Cela fait, après avoir passé une dernière fois la main sur la croupe de Djérid, après avoir respiré, comme pour donner à sa poitrine tout le degré de dilatation qu’elle pouvait acquérir, le voyageur chercha inutilement un sentier quelconque, et n’en voyant point, il entra au hasard dans la forêt.
C’est le moment, nous le croyons, de donner à nos lecteurs une idée exacte du voyageur que nous venons de faire apparaître à leurs yeux, et qui est destiné à jouer un rôle important dans le cours de notre histoire.
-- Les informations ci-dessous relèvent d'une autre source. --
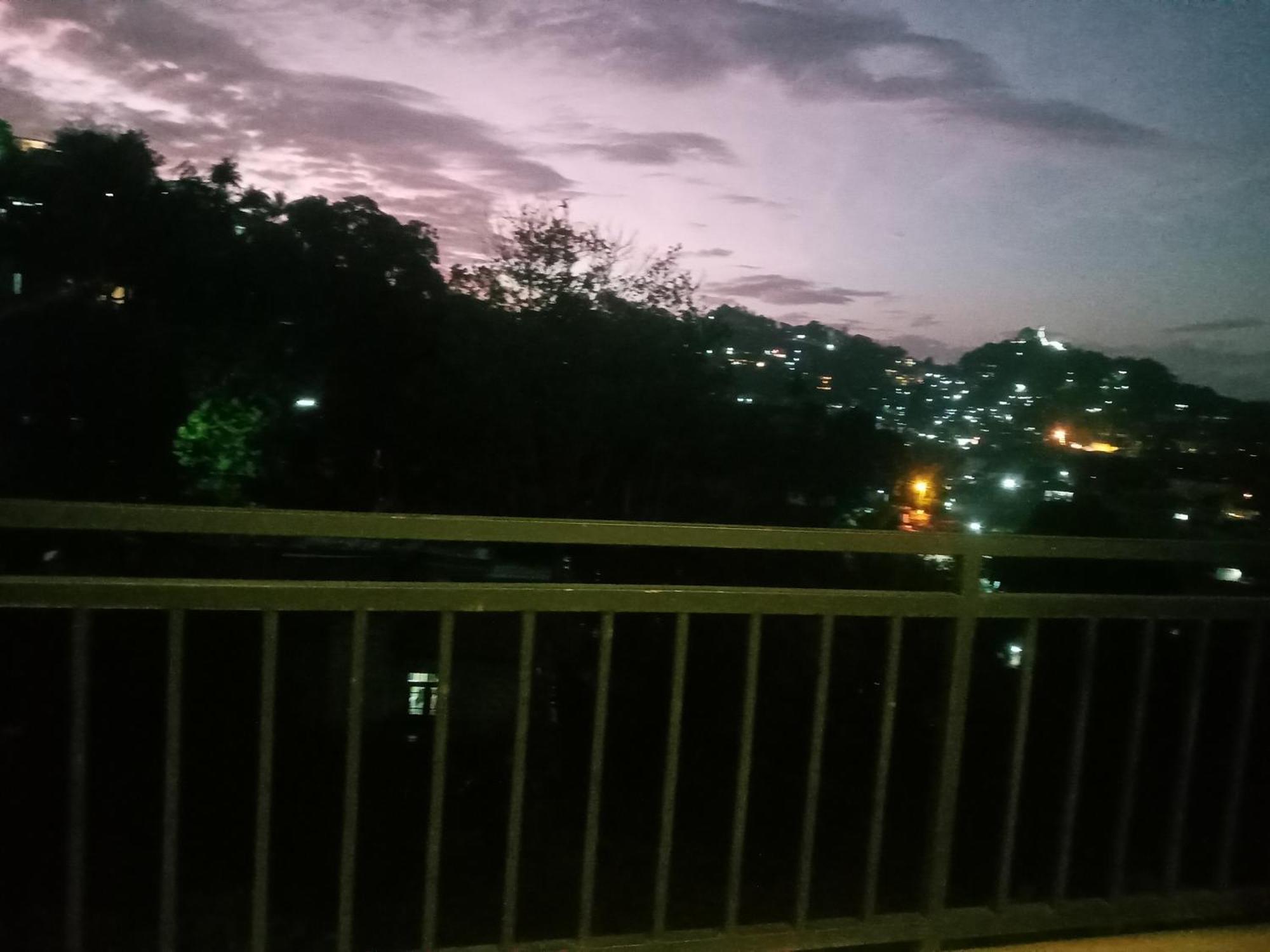 Kelum Homestay Kandy Buitenkant foto
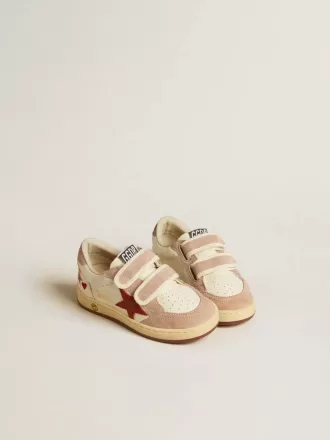 Ball Star Young i nappa med nappa-stjärna och rosa mockaskydd på hälen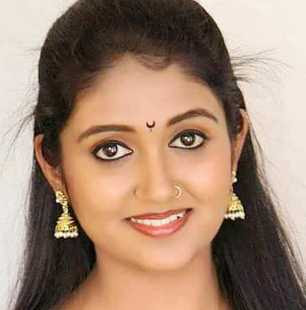 Rinku Rajguru Wiki Height Weight Age Husband Family And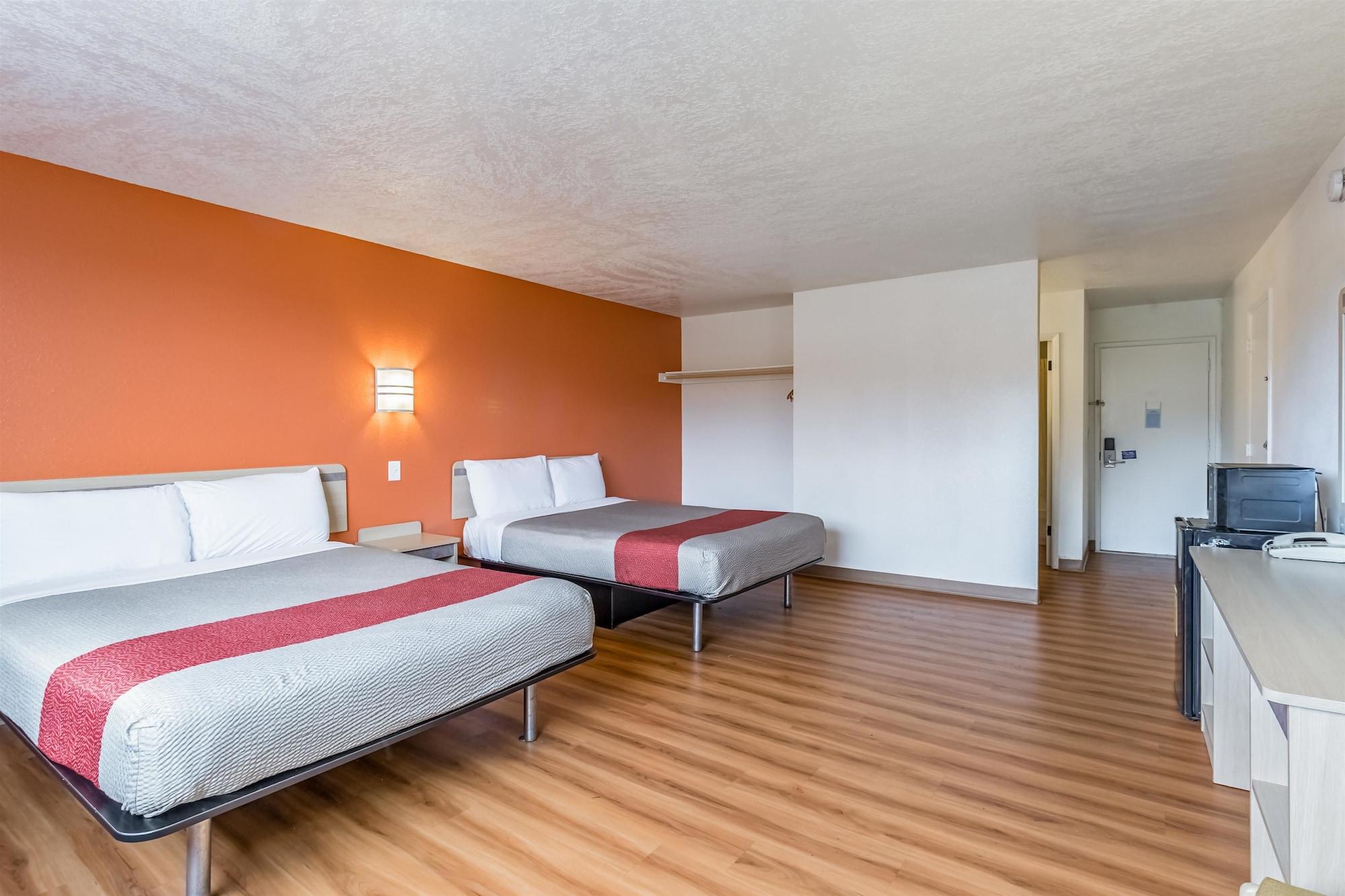 Motel 6-Beaverton, OR Buitenkant foto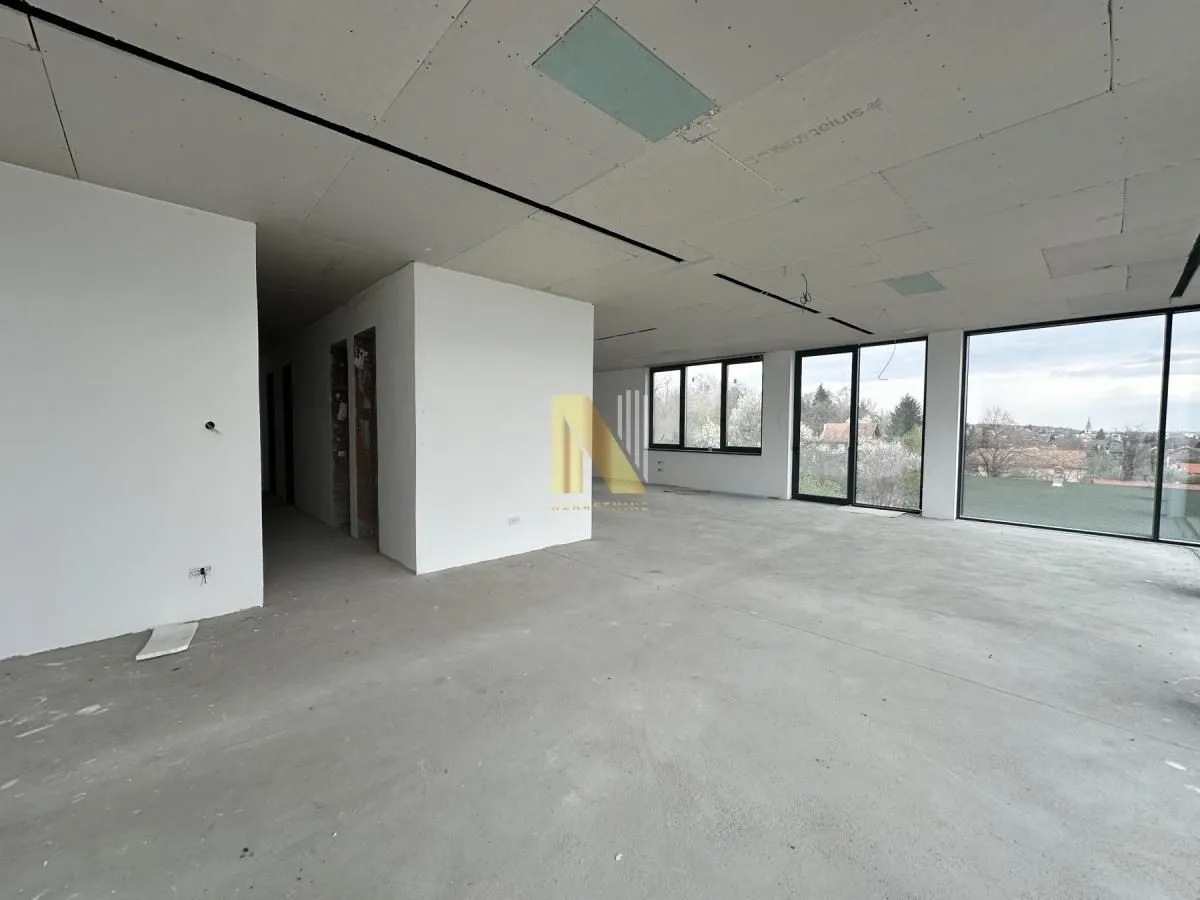 Rent, office space, 570m², Petrovaradin, Novi Sad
Celui qui après être descendu de cheval venait de s’aventurer si hardiment dans la forêt, paraissait être un homme de trente à trente-deux ans, d’une taille au-dessus de la moyenne, mais si admirablement pris, qu’on sentait circuler tout à la fois la force et l’adresse dans ses membres souples et nerveux. Il était vêtu d’une espèce de redingote de voyage de velours noir à boutonnières d’or; les deux bouts d’une veste brodée apparaissaient au-dessous des derniers boutons de cette redingote, et une culotte de peau collante dessinait des jambes qui eussent pu servir de modèle à un statuaire, et dont l’on devinait la forme élégante à travers des bottes de cuir verni.
Quant à son visage, qui avait toute la mobilité des types méridionaux, c’était un singulier mélange de force et de finesse: son regard, qui pouvait exprimer tous les sentiments, semblait, lorsqu’il s’arrêtait sur quelqu’un, plonger dans celui sur lequel il s’arrêtait deux rayons de lumière destinés à éclairer jusqu’à son âme. Ses joues brunes avaient été, cela se voyait tout d’abord, hâlées par les rayons d’un soleil plus brûlant que le notre. Enfin, une bouche grande, mais belle de forme, s’ouvrait pour laisser voir un double rang de dents magnifiques que la haleur du teint faisait paraître plus blanches encore. Le pied était long, mais fin; la main était petite, mais nerveuse.